本项目拟研究量子场论中有关Klein-Gordon场的问题，主要考虑Klein-Gordon方程组和Klein-Gordon-Schrödinger方程组，包括分数阶情形和临界情形。本项目中的分数阶指的是作用在空间变量上的分数阶Laplacian和作用在时间变量上的Caputo分数阶导数以及二者的综合。..我们拟寻找新的非线性分析方法和偏微分方程有关技巧，使之适用于解决分数阶情形的Klein-Gordon问题，建立Klein-Gordon相关问题解的存在性、惟一性、多重性和相关性态，包括孤立波解、驻波解、行波解、基态解等，得到Cauchy问题解的适定性，初值满足什么条件时解爆破、散射和整体存在。非局部集中紧方法、极大极小原理、指标理论以及偏微分方程相关方法等将会被涉及到。

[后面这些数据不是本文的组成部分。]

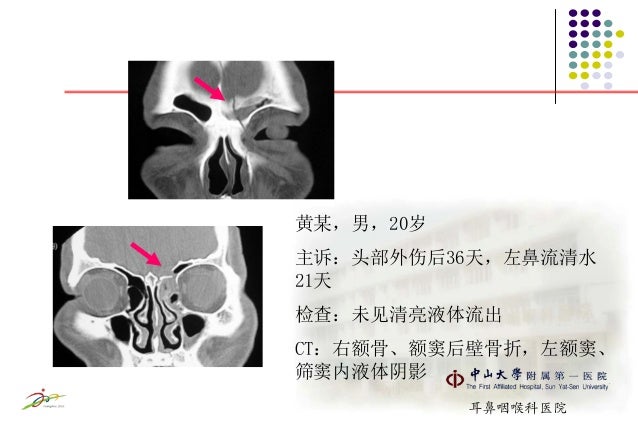 脑脊液鼻漏ppt 史剑波 脑脊液鼻漏ppt 史剑波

This proposal intends to study the problems about Klein-Gordon fields in quantum field theory. We mainly consider Klein-Gordon systems and Klein-Gordon-Schrödinger systems, including fractional cases and critical cases. The fractional cases in our proposal are the fractional Laplacian acting on the spatial variables and the Caputo fractional derivative acting on the time variable, as well as their synthesis...We intend to find new nonlinear analysis methods and techniques related to partial differential equations to solve the Klein-Gordon problems including fractional cases. The purpose of the proposal is establishing the existence, uniqueness, multiplicity and correlation properties of solutions to the Klein-Gordon problems, including solitary wave solutions, standing wave solutions, traveling wave solutions and ground state solutions, investigating the well posedness of solutions to Cauchy problems, and obtaining what conditions the initial value meets, the solutions will blow up or globally exist. Among the tools involved, we mention (nonlocal) concentration compactness principle, minimax priciple, index theory and methods related to partial differential equation etc.